Re: Hardware hunting

2012-11-16 Thread Christian Weisgerber
Forman, Jeffrey li...@jeffreyforman.net wrote:

 I mainly bought the machine because I liked being able to throw a cheap
 huge PATA hard drive in there, and not be concerned with flash's supposed
 write-limit, or mucking about with read-only filesystem, among other things.

Funny.  I'd rather throw in a flash than a fragile hard drive.

-- 
Christian naddy Weisgerber  na...@mips.inka.de



Re: Hardware hunting

2012-11-16 Thread Peter J. Philipp
Am 16.11.2012 um 20:11 schrieb Russell Garrison russell.garri...@gmail.com:

 I can also vouch for the Lanner, but make sure you get the fanless
 model. I bought the ones with fans to go into a noisy server room, but
 they spent a week or two in testing on my desk. People walking by kept
 thinking that a faucet was running full blast in my cubicle, so you
 probably don't want that in a home-based scenario.

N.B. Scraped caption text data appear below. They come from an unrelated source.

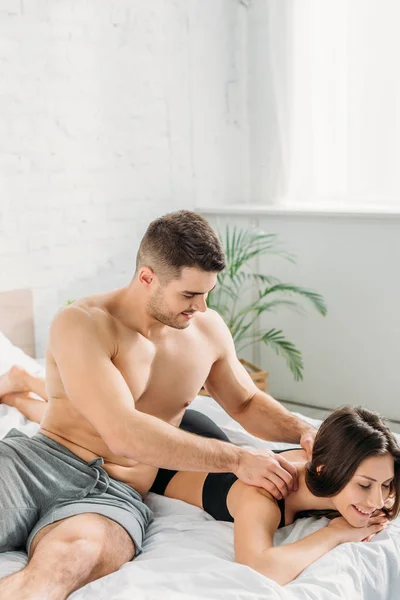 Sexy Shirtless Man Making Shoulders Erotic Massage Girlfriend Lying Smiling — Stock Photo, Image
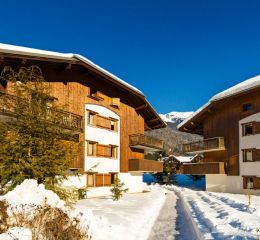 Extérieur des chalets enneigés aux Fermes de Samoëns en Haute Savoie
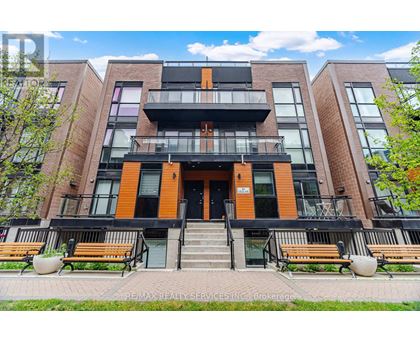 A modern apartment building with a black and orange facade.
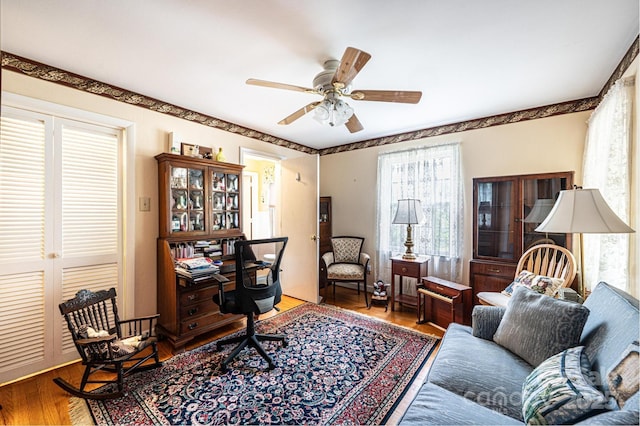 office with ceiling fan and wood finished floors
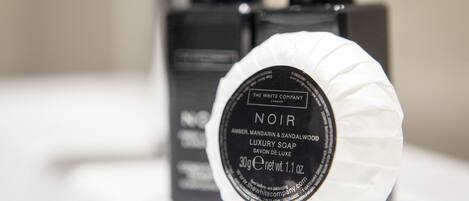 A bottle of Noir luxury soap with a black label and white cap, placed in front of a black box.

I got my Lanner from bytemine.  Here is some photos:

http://emea.centroid.eu/blog/index.php?article=1294095600

That's the previous model, they are offering the 'e' model now I think.
Anyhow I got the Intel SSD separately for it.  Yesterday I upgraded it
to OpenBSD 5.2, it's been really stable since I bought it.  One thing
that is weird that I found out was that no matter what load is on the CPU
I registered 20 Watts on my electricity meter.  I still use apmd -C on it
so that it conserves on heat, not that it gets hot, but it gets warm.  You
can put your hand on the top and it would be about 40 degrees, so
bareable.

Regards,
-peter



Re: Hardware hunting

2012-11-16 Thread Stuart Henderson
On 2012-11-16, Forman, Jeffrey li...@jeffreyforman.net wrote:
 I mainly bought the machine because I liked being able to throw a cheap
 huge PATA hard drive in there, and not be concerned with flash's supposed
 write-limit, or mucking about with read-only filesystem, among other things.

I've used flash quite a lot in the last 10 years (CF, disk-on-module, and more
recently SSD), they do fail sometimes of course, but the majority of failures
I had were in the first month or two of use and not anything I can attribute
to wear.

Only time I mess around with read-only FS etc is for things where I want to
avoid automatic fsck failing if the power gets pulled etc.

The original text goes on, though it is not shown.